> [PROVIDED DATA]:
== Segment start ==
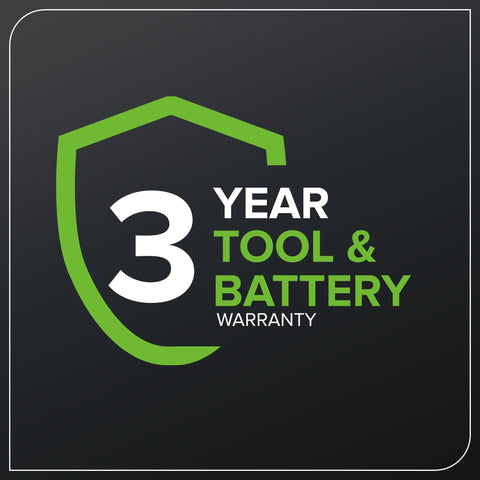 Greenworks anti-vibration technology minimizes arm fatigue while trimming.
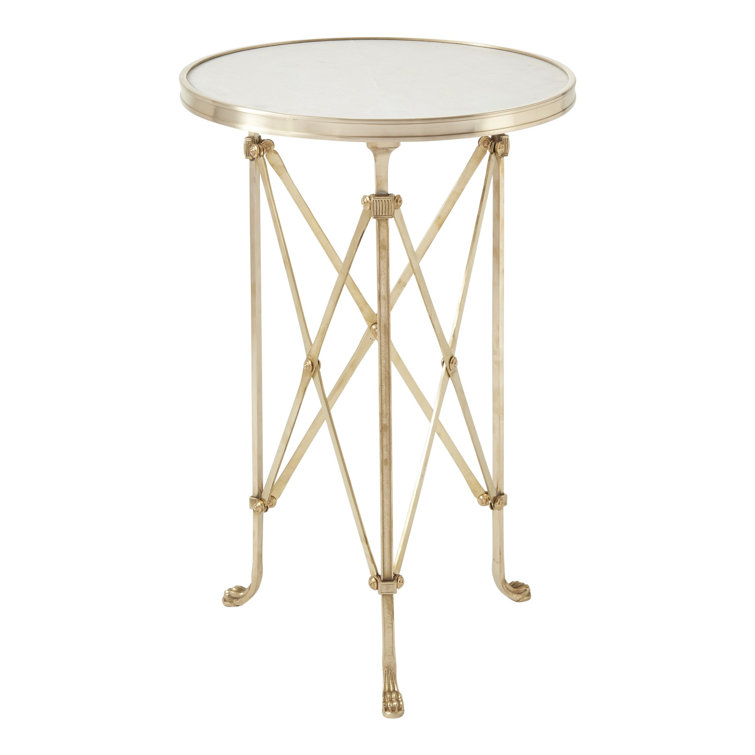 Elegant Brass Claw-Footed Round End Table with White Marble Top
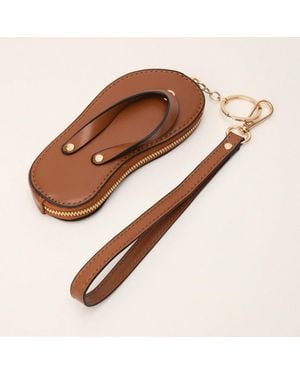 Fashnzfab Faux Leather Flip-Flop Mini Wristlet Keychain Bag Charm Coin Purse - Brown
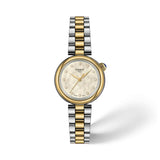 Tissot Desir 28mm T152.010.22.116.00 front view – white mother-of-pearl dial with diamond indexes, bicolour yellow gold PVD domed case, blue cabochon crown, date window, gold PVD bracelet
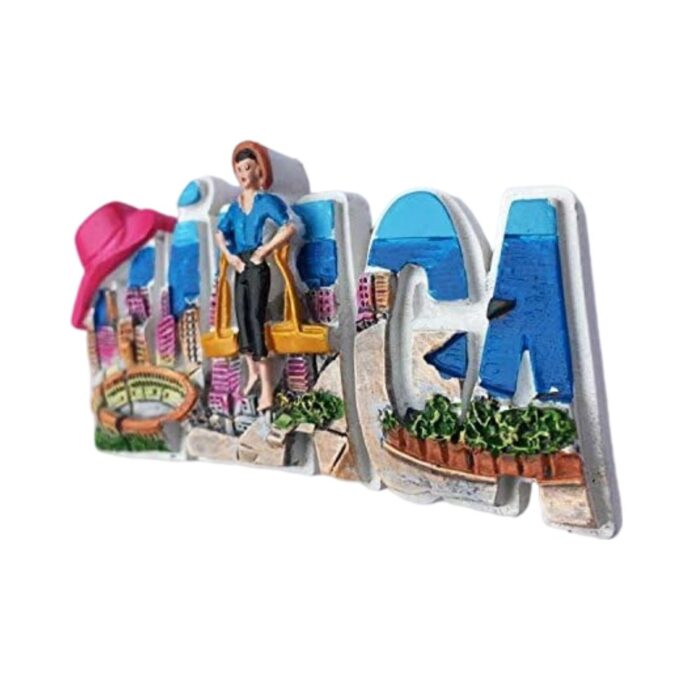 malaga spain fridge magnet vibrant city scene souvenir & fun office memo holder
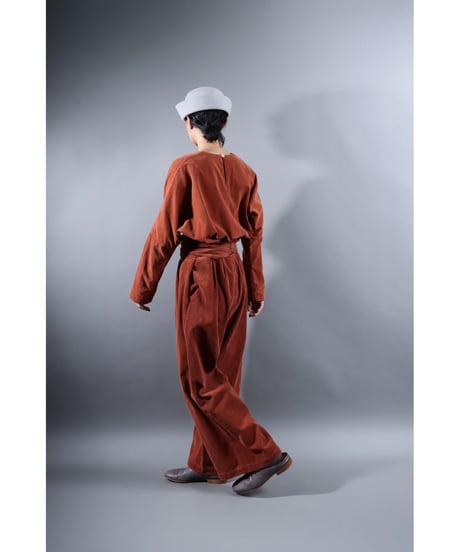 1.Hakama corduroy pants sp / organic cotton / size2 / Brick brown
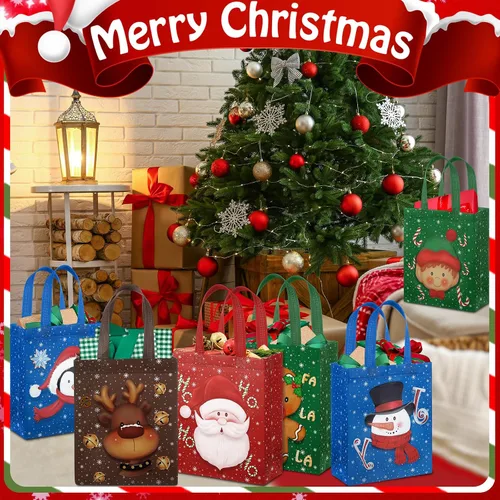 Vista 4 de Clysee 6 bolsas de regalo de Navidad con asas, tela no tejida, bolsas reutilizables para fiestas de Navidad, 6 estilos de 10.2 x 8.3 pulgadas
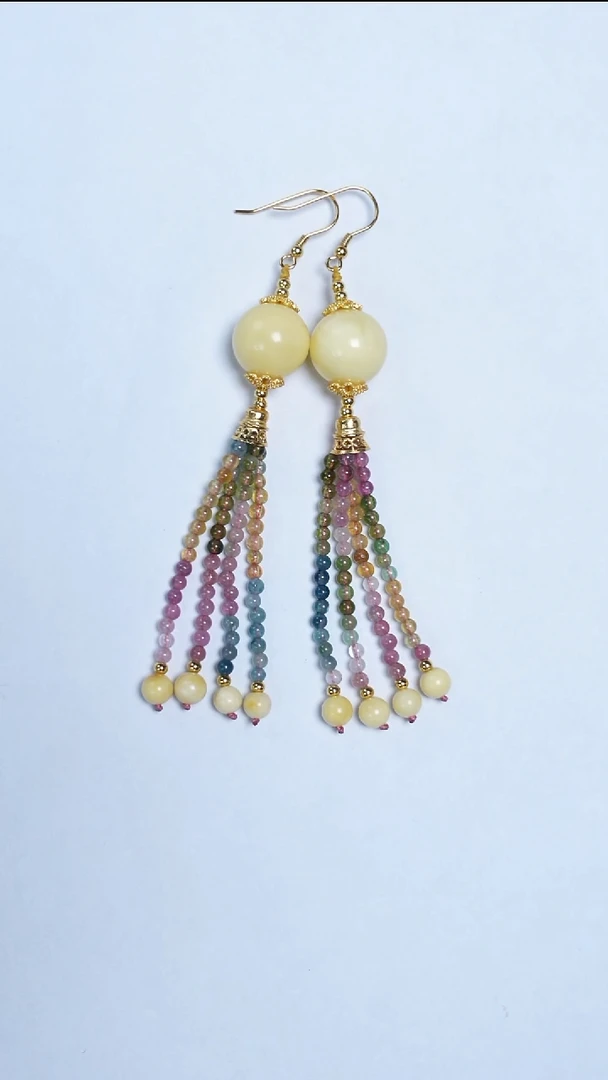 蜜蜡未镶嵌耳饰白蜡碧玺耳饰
== Segment end ==
== Segment start ==
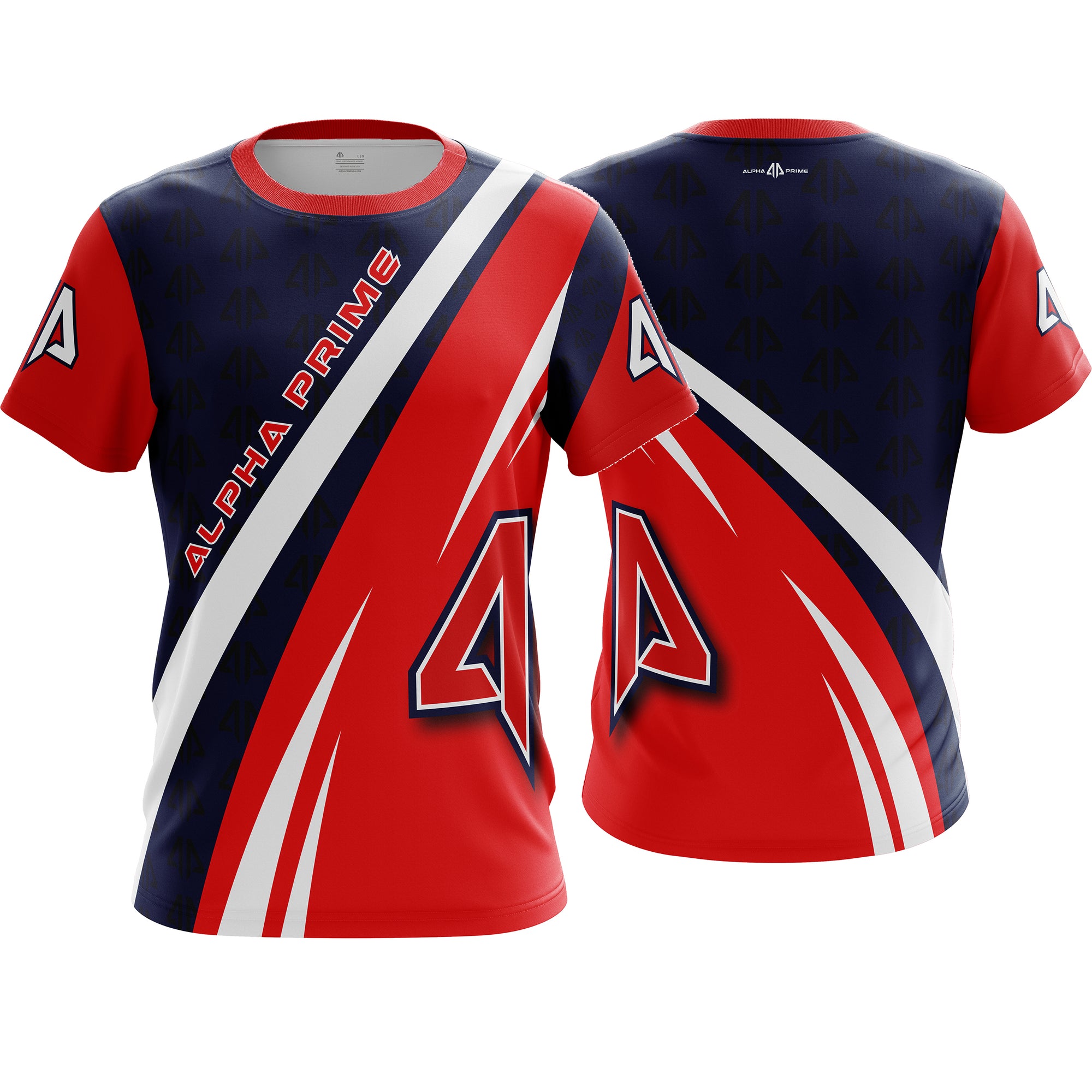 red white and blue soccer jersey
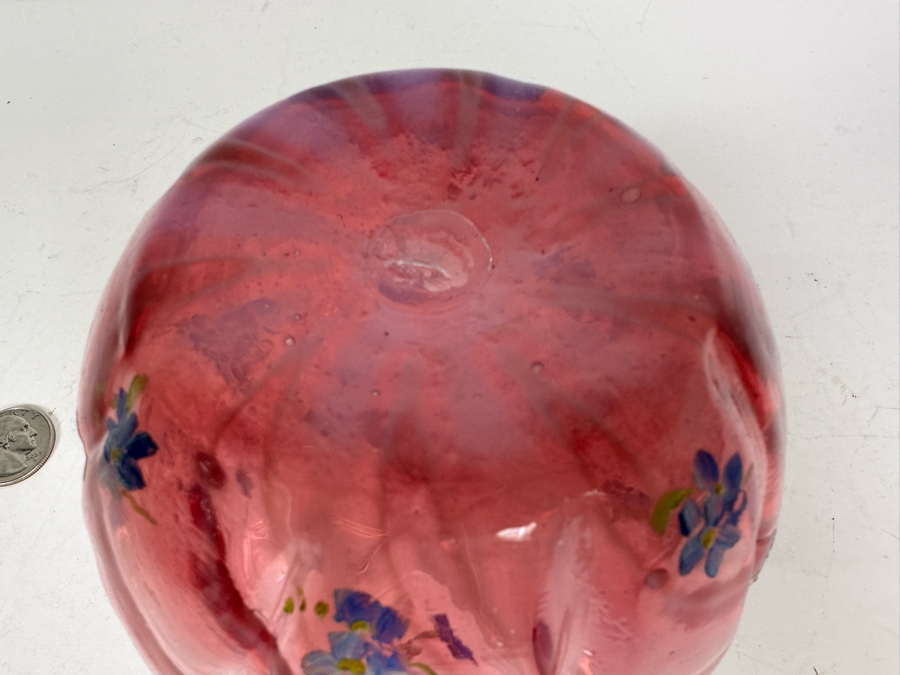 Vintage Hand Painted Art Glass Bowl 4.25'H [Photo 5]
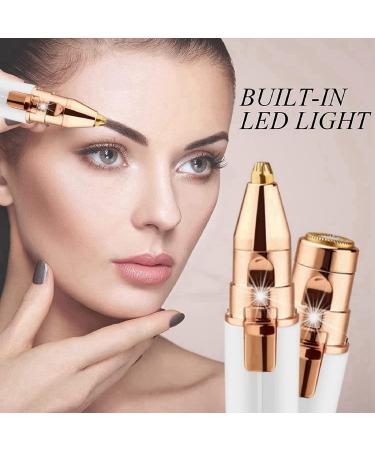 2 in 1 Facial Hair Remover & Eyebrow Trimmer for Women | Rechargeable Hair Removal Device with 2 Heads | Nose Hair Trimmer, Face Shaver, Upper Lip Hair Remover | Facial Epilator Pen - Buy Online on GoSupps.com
== Segment end ==
> [WORK TASK]: Produce an exact reproduction of the listing above, limited to the lines starting at the line with "Vista 4 de Clysee" and ending at the line with "蜜蜡未镶嵌耳饰白蜡碧玺耳饰", both kept, with every picture left out.

> [YOUR RESPONSE]:
 Vista 4 de Clysee 6 bolsas de regalo de Navidad con asas, tela no tejida, bolsas reutilizables para fiestas de Navidad, 6 estilos de 10.2 x 8.3 pulgadas
 蜜蜡未镶嵌耳饰白蜡碧玺耳饰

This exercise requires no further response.